This is very interesting.
The earliest mentioning of "21st Century Skills" that I can find is in the May 13, 1968 edition of the U.S. State Department Bulletin in an article called A Joint Assault on Want (58 Dep't St. Bull. 603 (1968)
This article is very much in the same vein as most articles written by the State Department during the Cold War. This article states that the United States must spread Democracy and freedom through the developing world by filling the "wants" of these nations--if they do not have any needs, the U.S.S.R. will not be able to step in to fill them. The article states many initiatives to do this that include family planning, assistance with agricultural production, creating a world wide commodities market, and "the use of the transistor radio and communications satellite, which can bring 21st-century skills and education to even the most remote rural village." (Sounds similar to the role of Virtual Classes in VT)

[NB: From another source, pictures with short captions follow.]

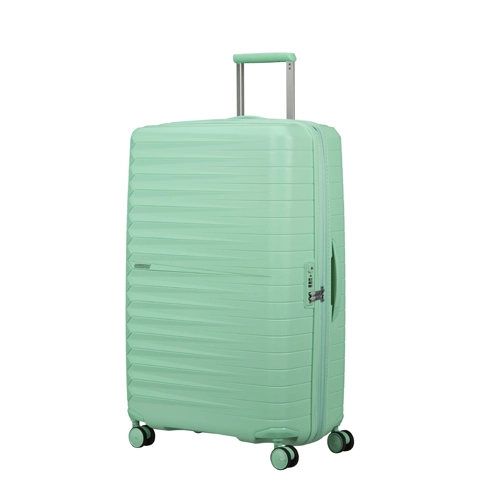 Maleta American Tourister Fastforward verde menta - Imagen 3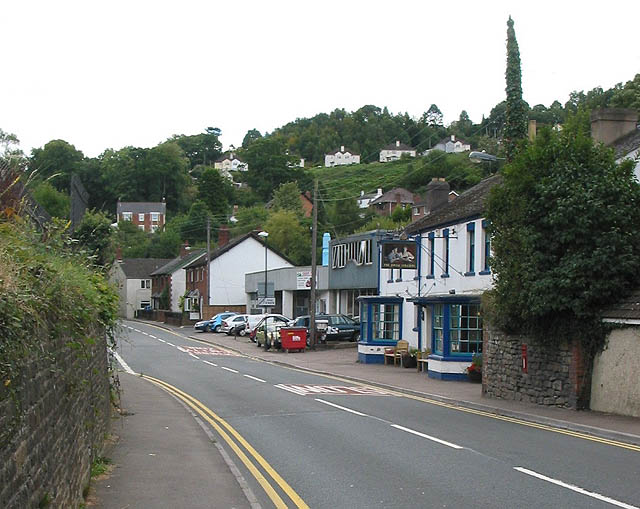 File:B4234 passing through Upper Lydbrook - Geograph - 555184.jpg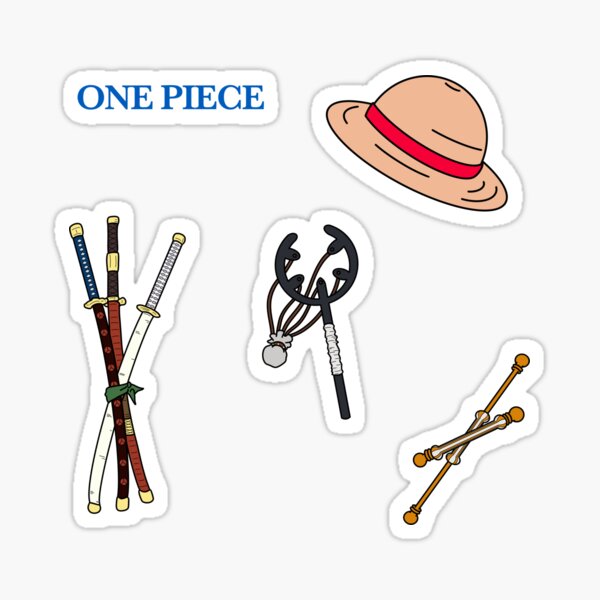 Luffy – Sticker Squid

Anyway the article ends very interestingly...
" These constructive initiatives are the nutrients of freedom and peace. They are the things we Americans must be ready to do if we hope to keep our nation safe and free in a world of growth and change, rather than threatened and isolated in 'a world of strife. A secure world, with past differences reconciled, in which men can determine their own destinies, a world free of nuclear peril, a world without starvation and poverty, a world in control of science, not victimized by it-these are objectives worthy of a great people. Are they beyond our power to achieve?
We shall never know unless we try. And try we must, with perseverance and determination. Whether we like it or not, we live in a world so intricately interdependent that the possibility of withdrawal or isolation simply does not exist."